What to work on: From the line containing "Fauteuil modulaire d'angle" down to the last line of the entries, print each line exactly and leave the pictures out.

Web page caption snippets:
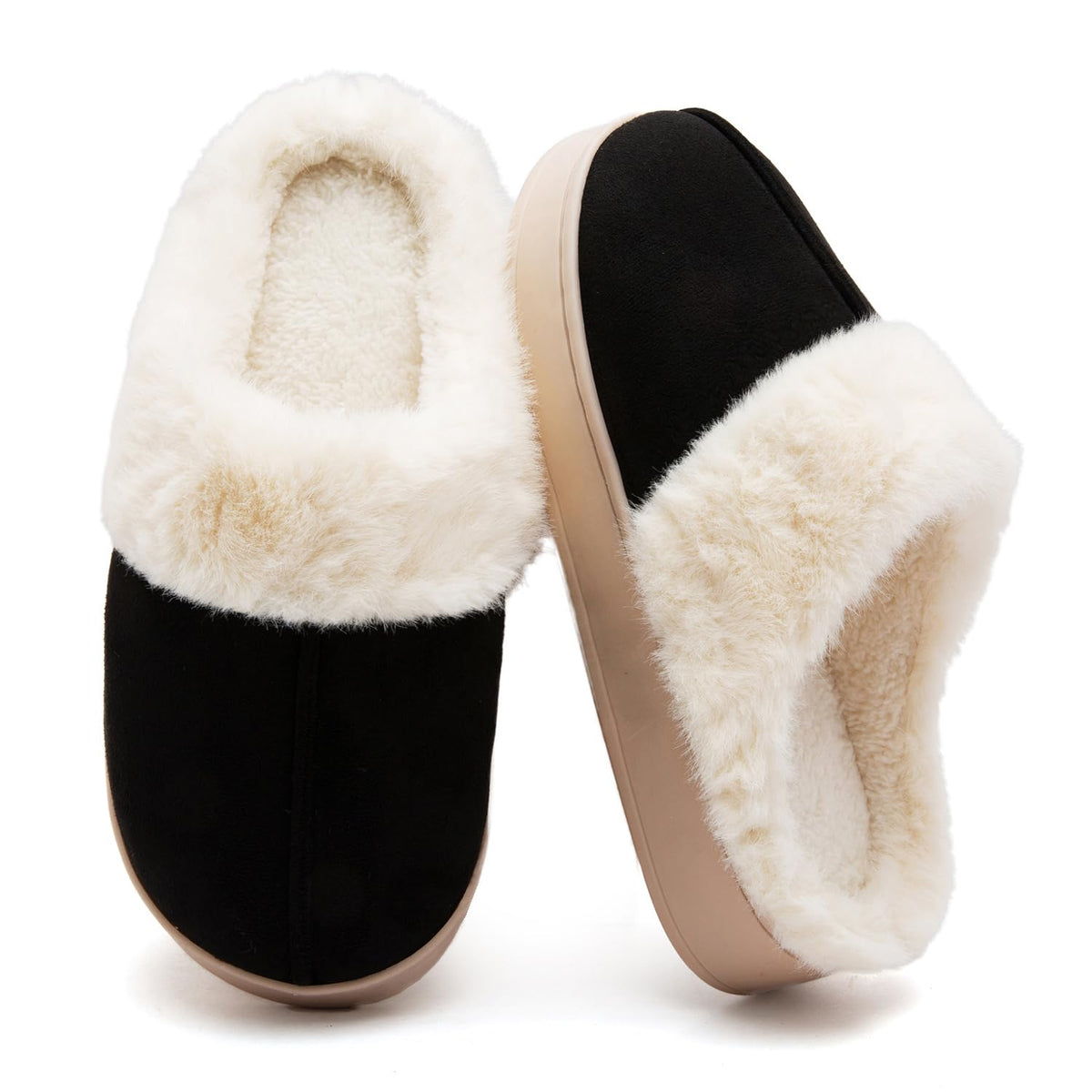 Women's Fuzzy Memory Foam Slippers Comfy Soft Winter Slip On House Slippers Bedroom Shoes with Warm Plush Lining and Indoor Outdoor Soles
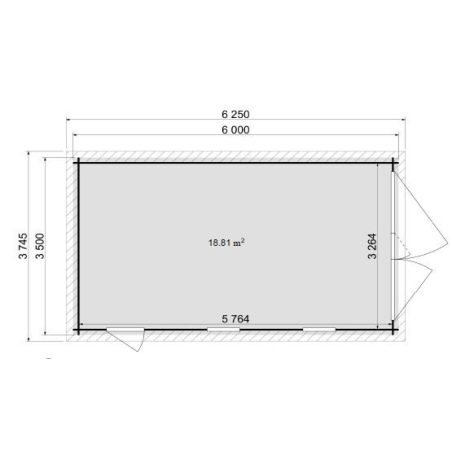 Autogarage aus Holz - 21m2 - 3.5x6m - 28mm - Imprägniert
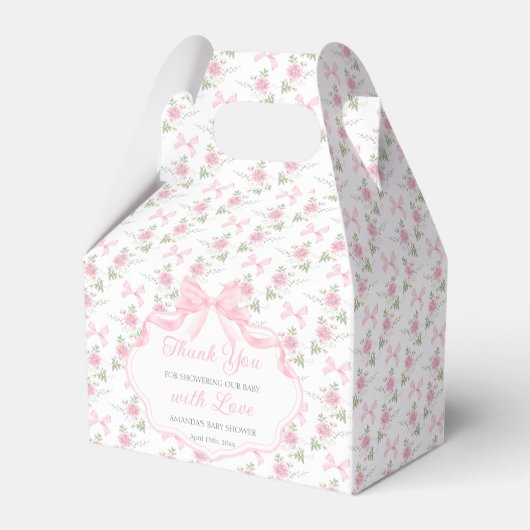 Pink Bow Toile De Jouy Girl Baby Shower Bedankdoosjes (Voorkant Zijde)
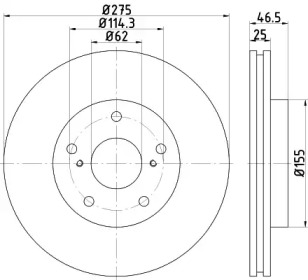 Тормозной диск HELLA 8DD 355 117-361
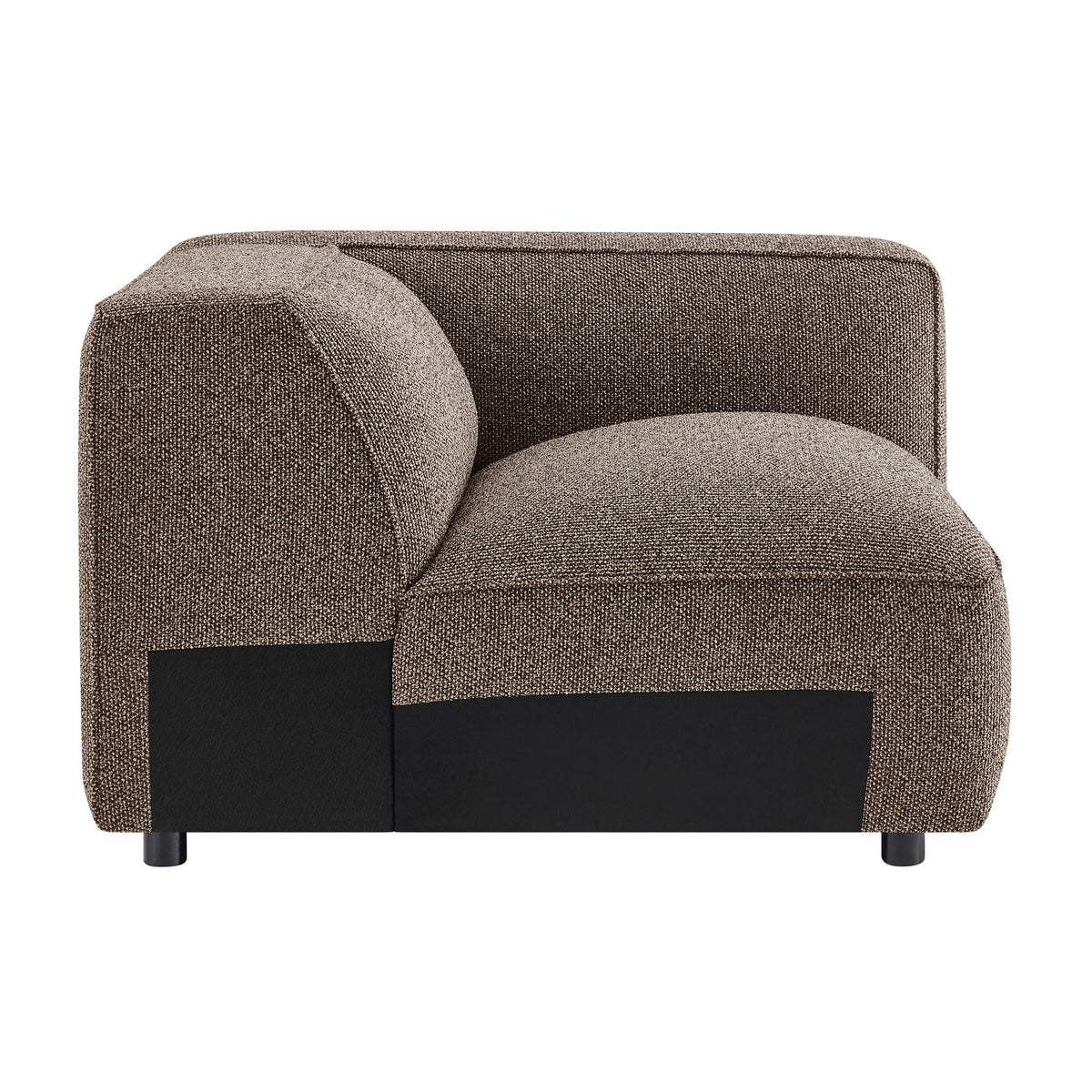 Fauteuil modulaire d'angle droit rembourré en tissu bouclé Auren Lattice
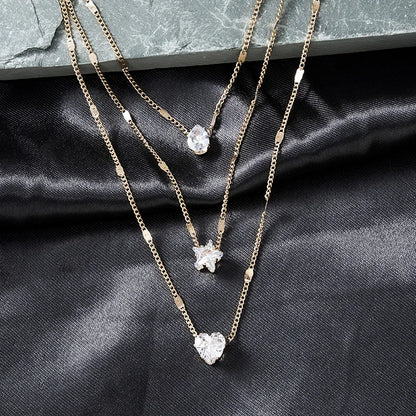 Sparkling Crystal Multi-Row Necklace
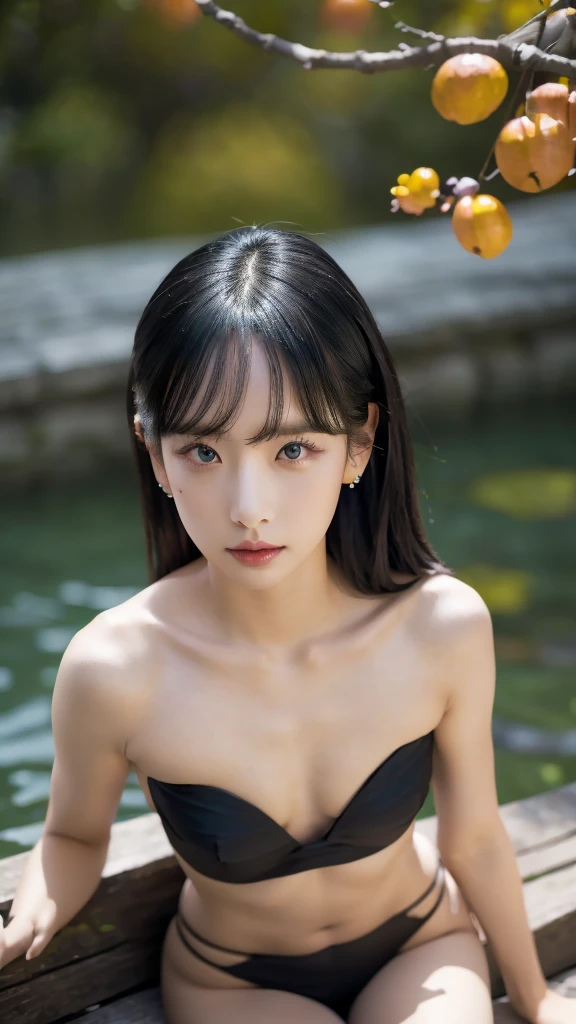 strapless, black thong, SMALL BREAST, sexy pose, model pose, earring, AUTUMN park, colorful trees, lakeside, sitting, moonlight, windy, hair flying, night, extremely detailed eyes, extremely detailed face, best quality, extremely detailed, one person, one girl, ultra-detailed, (realistic, photo-realistic:1.3)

Response for this exercise:
 Fauteuil modulaire d'angle droit rembourré en tissu bouclé Auren Lattice
 Sparkling Crystal Multi-Row Necklace
 strapless, black thong, SMALL BREAST, sexy pose, model pose, earring, AUTUMN park, colorful trees, lakeside, sitting, moonlight, windy, hair flying, night, extremely detailed eyes, extremely detailed face, best quality, extremely detailed, one person, one girl, ultra-detailed, (realistic, photo-realistic:1.3)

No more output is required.